Trabzon – Sinop Bisiklet Turu 2.Gün ( Tirebolu – Fatsa )

28 Haziran 2011

Turumuzun ikinci gününe uyanıyoruz. Gece seslerden dolayı pek rahat uyuyamadık ama yine de iyiyiz. Bir an önce çadırlarımızı toplayıp buradan ayrılmak istiyoruz. Kahvaltıyı ise uygun bir yerde yaparız diyerek devam ediyoruz. Sabah hava biraz serin olduğu için üzerimizde uzun kolluları çıkartmadan yola çıkıyoruz.
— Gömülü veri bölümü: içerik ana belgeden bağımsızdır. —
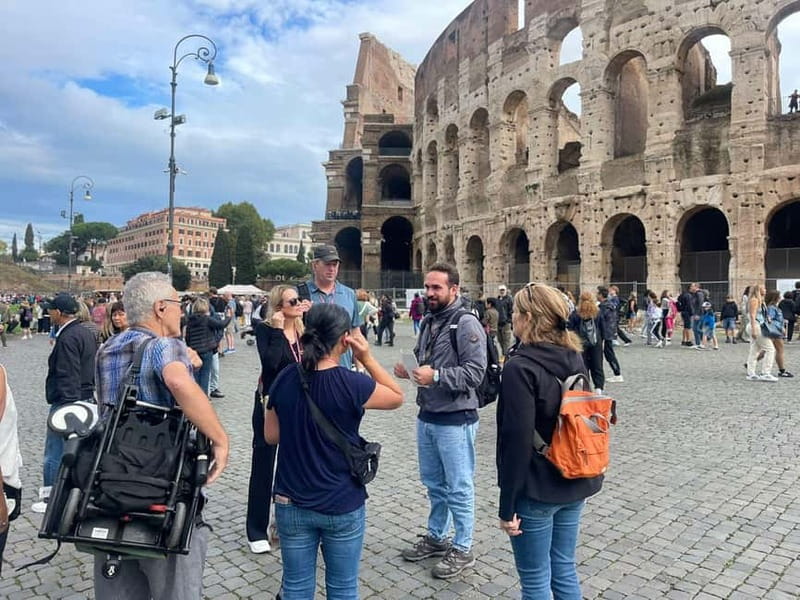 Rome: Colosseum Express Tour and Roman Forum Access - Price and value: is $55.90 a good deal?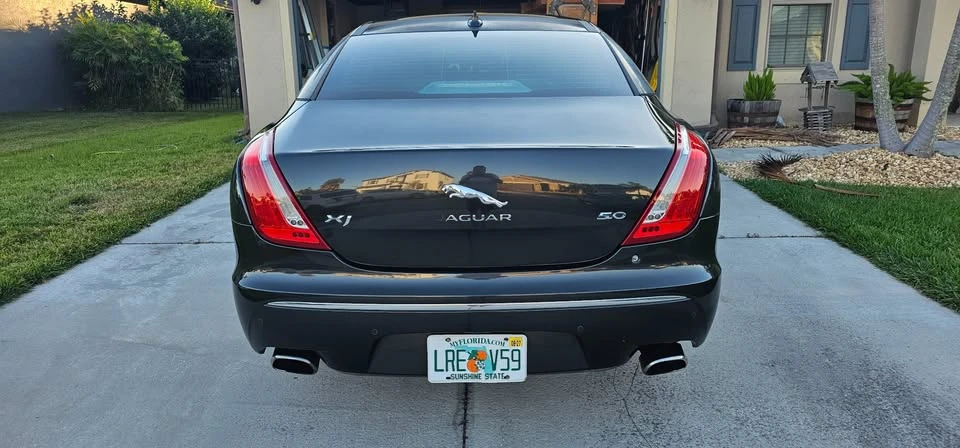 2014 Jaguar XJ Series 4 - Image 7 of 20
Espiye’ye çok yakın olduğumuz için birkaç pedalda ulaşıyoruz.

Yol manzaraları tipik karadeniz manzaralarından farklı birşey değil. Sürekli sahil şeritlerinde dalgakıranlar var. Daha öncede söylediğim gibi karadeniz de denize girmek bana hiç çekici gelmiyor. O nedenle burada denizden epey uzağım.
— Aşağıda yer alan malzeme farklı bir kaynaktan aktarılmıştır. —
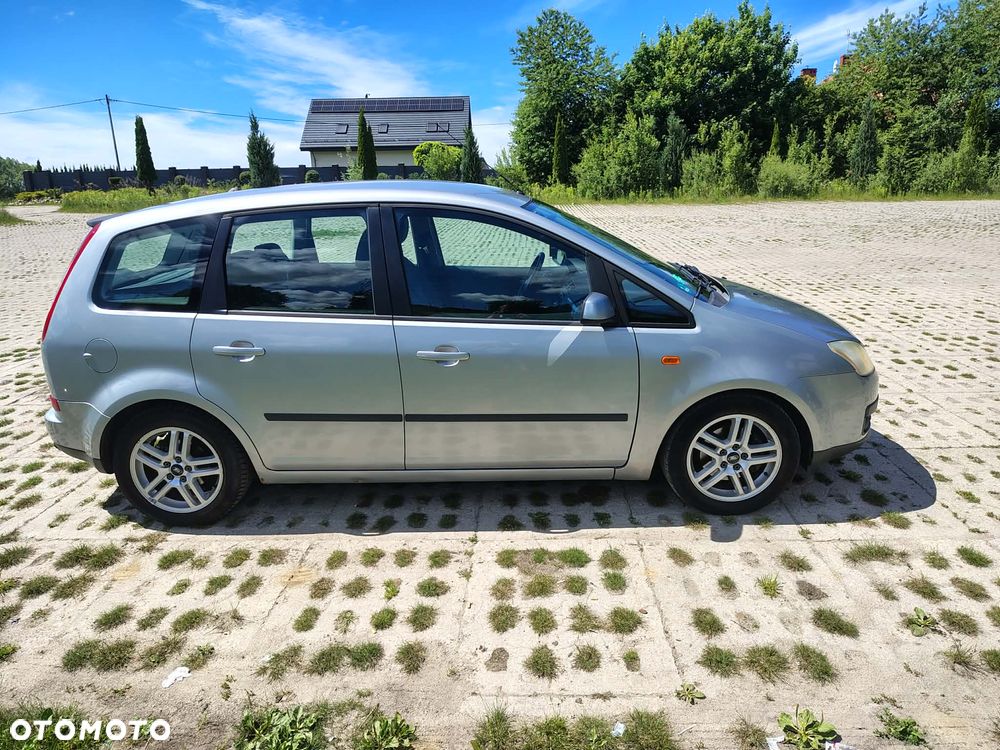 Ford Focus C-Max 1.6 Ambiente - 11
Keşap’a 19, Giresun’a ise 32 km yolumuz var ve keyifle ilerliyoruz. Hala sabah serinliğinden kurtulmuş değiliz.

Geriye dönüp baktığımızda ise Espiye geride kalıyor. Burada ki en garip olay ise her ilçe birbirinin aynısı gibi. Çok yakınlar ve hepsi birbirinin kopyası gibi. Yerleşke hep aynı. Karadeniz’in hemen yanıbaşında bir sahil kasabası…

Denizin ortasında bulunan bir camii…

Saat 7:30’a ulaştığı sırada bizde Keşap’a ulaşıyoruz. Tabi burada da pek vakit kaybetmiyoruz ve Giresun’a doğru pedal çeviriyoruz.

Keşap sahilinden bir manzara…

Saat 8’e geldiği sırada güneş yüzünü göstermeye başlıyor. Bizde üzerimizde ki fazlalıklardan kurtulmak için bir petrol istasyonuna giriyoruz. Hem üzerimizdekileri çıkartıyoruz, hemde kısa bir mola veriyoruz. Tabi bu sırada çaylarımızı da yudumluyoruz. Hepimiz aynı formayı giyiniyoruz ve bir takım edasında pedal çeviriyoruz.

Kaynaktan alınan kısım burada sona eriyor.